Fragments of starlight. The James Webb Space Telescope turned its mirror of gold toward the constellation of Aquarius to catch a traveler from the first morning. Atoms bond. The galaxy moves through a soup of gas and this motion creates a gale that strips away the hydrogen.
Look at the screen. I dabbled in everything while studying the data feeds at the operations center in Maryland. Plumes of soot stretch behind the core. The mirror catches heat. The computers hum. Information streams to the planet.

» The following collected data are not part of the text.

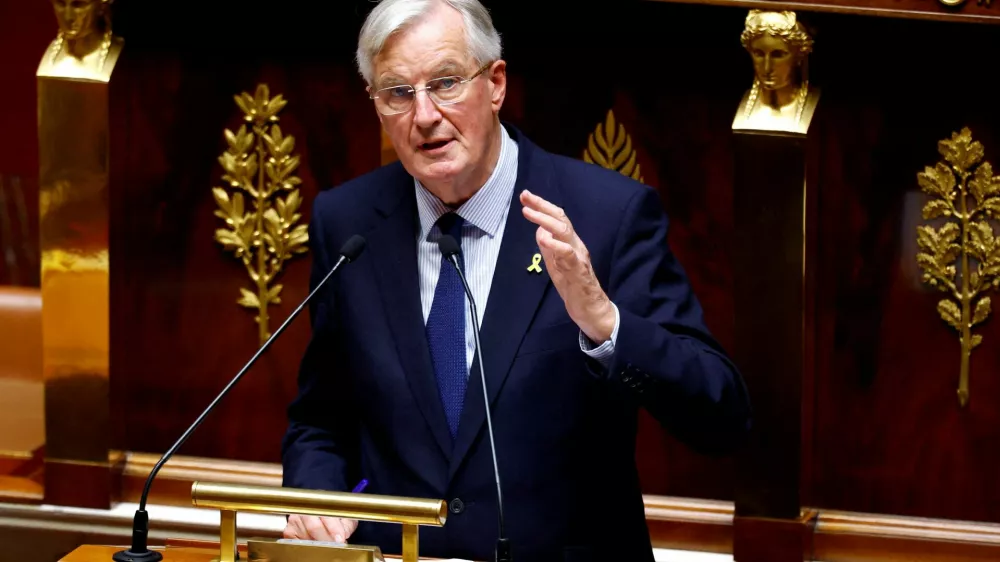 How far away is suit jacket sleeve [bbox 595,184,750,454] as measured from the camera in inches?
80.1

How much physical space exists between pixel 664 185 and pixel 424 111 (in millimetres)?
865

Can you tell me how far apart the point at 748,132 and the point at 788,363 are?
0.40 metres

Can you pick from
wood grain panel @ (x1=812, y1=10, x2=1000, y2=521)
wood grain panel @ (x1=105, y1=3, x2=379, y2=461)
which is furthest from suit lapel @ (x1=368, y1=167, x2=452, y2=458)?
wood grain panel @ (x1=812, y1=10, x2=1000, y2=521)

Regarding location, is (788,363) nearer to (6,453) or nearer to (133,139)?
(133,139)

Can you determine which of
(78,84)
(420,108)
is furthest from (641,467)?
(78,84)

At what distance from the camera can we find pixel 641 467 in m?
3.04

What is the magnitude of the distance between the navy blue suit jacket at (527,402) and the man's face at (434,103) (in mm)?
126

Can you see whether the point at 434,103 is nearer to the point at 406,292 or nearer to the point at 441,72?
the point at 441,72

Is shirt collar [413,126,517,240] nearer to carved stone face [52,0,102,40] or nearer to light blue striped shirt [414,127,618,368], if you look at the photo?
light blue striped shirt [414,127,618,368]

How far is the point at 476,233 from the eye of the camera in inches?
91.1

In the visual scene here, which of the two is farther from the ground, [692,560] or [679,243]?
[679,243]

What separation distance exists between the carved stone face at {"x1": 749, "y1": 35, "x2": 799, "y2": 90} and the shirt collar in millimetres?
563

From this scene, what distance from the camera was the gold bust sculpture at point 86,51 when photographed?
3.06m

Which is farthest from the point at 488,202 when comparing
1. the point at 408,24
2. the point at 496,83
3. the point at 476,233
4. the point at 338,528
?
the point at 338,528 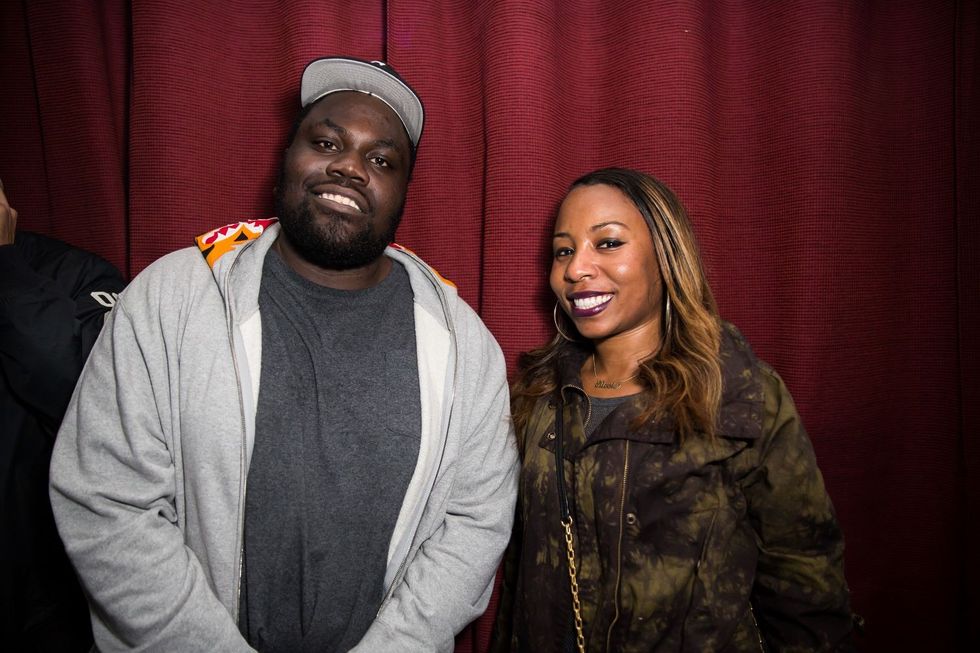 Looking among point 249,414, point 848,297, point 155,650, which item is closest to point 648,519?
point 249,414

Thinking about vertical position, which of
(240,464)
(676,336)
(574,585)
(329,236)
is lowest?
(574,585)

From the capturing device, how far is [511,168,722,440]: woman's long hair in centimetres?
96

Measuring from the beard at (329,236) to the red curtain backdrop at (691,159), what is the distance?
0.43 m

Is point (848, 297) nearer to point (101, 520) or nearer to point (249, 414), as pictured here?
point (249, 414)

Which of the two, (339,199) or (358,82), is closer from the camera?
(339,199)

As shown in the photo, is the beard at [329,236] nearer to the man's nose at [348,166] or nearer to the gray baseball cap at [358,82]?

But here’s where it gets weird. The pressure from the cluster gas acts like a fist that pulls the fuel from the center of the galaxy but this very theft sparks the birth of suns in the limbs of stars. Observe the jellyfish. The galaxy leaves a nursery in its wake. It is a beast made of light.
Bonus Data
| Component | Function |
| Mirror | Signal capture |
| Hydrogen | Star fuel |
| Gas Soup | Friction source |
| Trailing Tails | Star production |
Sources:
NASA James Webb Space Telescope
ESA Webb Space Exploration
Questionnaire
1. Which specific element is stripped from the galaxy core to fuel new suns?
2. What constellation serves as the backdrop for the jellyfish galaxy observation?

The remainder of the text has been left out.